The complainant alleged sexual touching for over 30 minutes while the lights were turned off and while the whole family was watching TV. The respondent also rubbed her upper legs and vaginal area and put his hands down her pants and digitally penetrated her for 10 to 15 minutes, the complainant said.
The respondent testified that it was a momentary accidental touch. He alleged that he stood up to leave the room, used his hand to support himself, and slipped so his hand touched the complainant’s vaginal area. He said that he immediately moved his hand and apologized.
The trial judge acquitted the respondent. The judge – in the third step of the framework in R. v. W.(D.),  1 S.C.R. 742 – said that he had a reasonable doubt that the respondent intentionally touched the complainant.
He said that the complainant’s evidence was exaggerated. He found difficulty believing that the complainant’s grandmother and great-grandmother would be unaware and unresponsive to a sexual assault occurring close by for 30 minutes.

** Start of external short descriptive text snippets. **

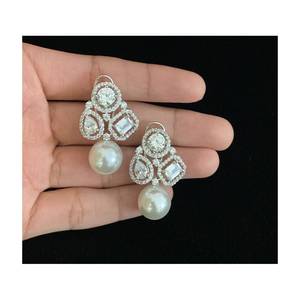 Boucles d'oreilles de mariée en perle et zircon de luxe au meilleur prix - Product Image 4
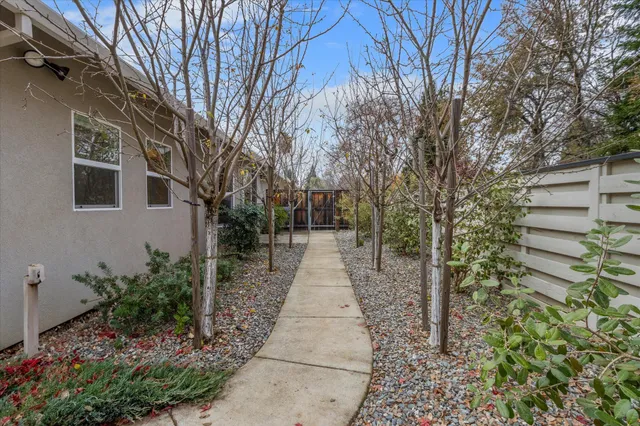 $1,138,000 | 3385 Wimbledon Drive, Redding, CA 96002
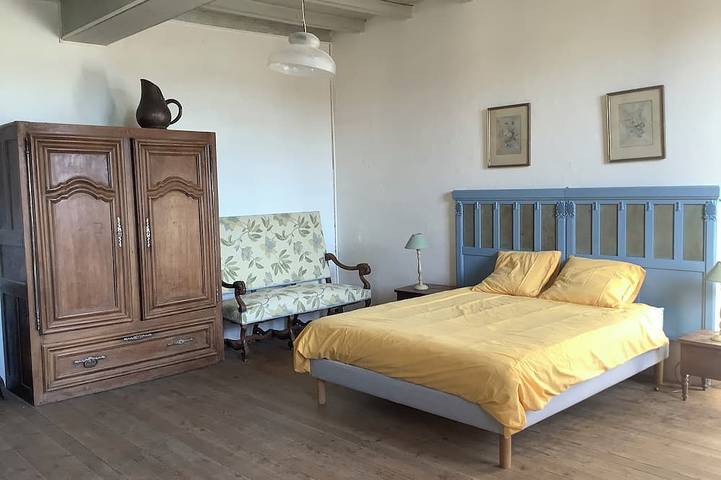 Ferienhaus mit Bauernhof und Garten in der Nähe von Cognac. in Les Métairies, Charente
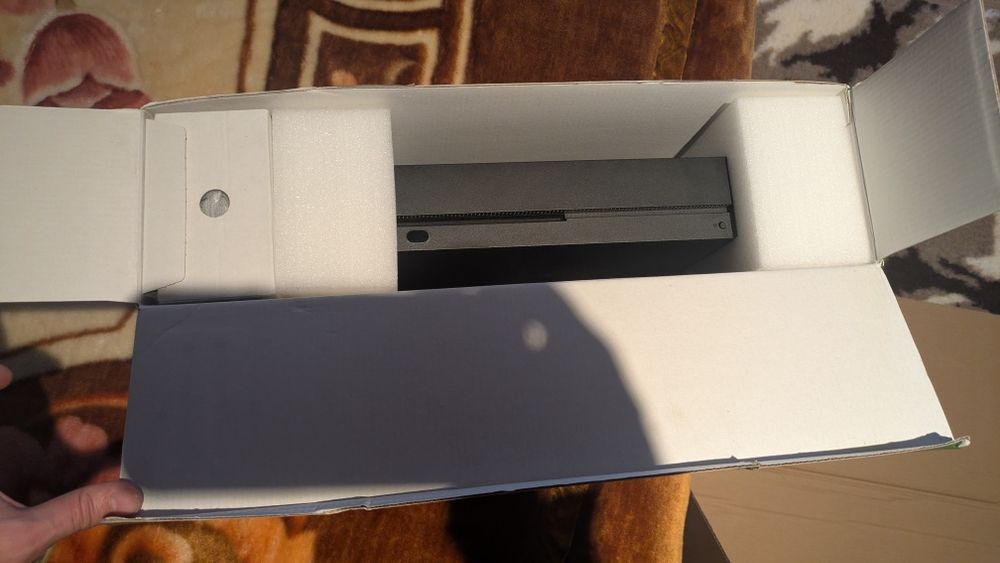 X box one X 1 Tb aproape nou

On appeal, the Crown argued that the judge’s conclusion that he had a reasonable doubt that the respondent intentionally touched the complainant was inconsistent with his earlier disbelief of the respondent’s testimony that he touched the complainant’s groin by accident.
In R. v. C.E.G., 2023 NSCA 1, the Nova Scotia Court of Appeal dismissed the appeal. The appellate court said that it lacked the jurisdiction to intervene since it found no legal errors in the trial judge’s reasons.
According to the appellate court, it was not a legal error for the judge to consider rejected defence evidence in the third step of the W.(D.) analysis. Though the judge had doubts about the respondent’s credibility, he never actually rejected the respondent’s evidence that any touching was unintentional, the court explained.
The judge properly directed himself that it was not a question of preference between the complainant’s and respondent’s evidence and instead asked himself, based on all the evidence, whether the Crown proved beyond a reasonable doubt that the respondent committed a sexual assault, the Court of Appeal ruled.
The Crown acknowledged that it could not find any cases supporting its position that considering disbelieved evidence in the third step of the W.(D.) framework would be a legal error, the appellate court noted.